Aunque el boicot a los Juegos de Berlín no funcionó, algunas federaciones dieron libertad de elección a sus atletas y la Barcelona republicana acogió a muchos participantes procedentes del mundo del olimpismo obrero y de distintas agrupaciones cívicas de países como Estados Unidos. La ciudad, sede de la Exposición Universal de 1888 y de la Internacional en 1929, se convirtió en un punto de referencia del deporte y del espíritu antifascista en el mundo durante unas jornadas previas al golpe militar del 18 de julio en las que sobresalió la tarea organizativa de los ateneos y entidades deportivas populares, momento muy bien relatado en el libro L’altra olimpiada de Carles Santacana y Xavier Pujades.

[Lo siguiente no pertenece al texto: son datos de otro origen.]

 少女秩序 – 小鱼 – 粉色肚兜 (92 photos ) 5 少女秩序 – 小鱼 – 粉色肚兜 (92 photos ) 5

Además del olimpismo oficial, existía un universo de olimpismo obrero y la Olimpiada Popular pretendía acoger a ambos y a cuantos quisieran expresar su rechazo a Berlín.
El deporte fue siempre una de las mayores expresiones de la moderna sociedad industrial catalana y la vocación olímpica de Barcelona sería una constante desde 1924 hasta conseguir los Juegos en 1992 después de los intentos frustrados de 1972 y 1936, el año de aquella Olimpiada Popular tan silenciada que ahora se recuerda de forma puntual cada vez que aparece un motivo tan sugerente como el del Jesuset de la Olimpiada Popular.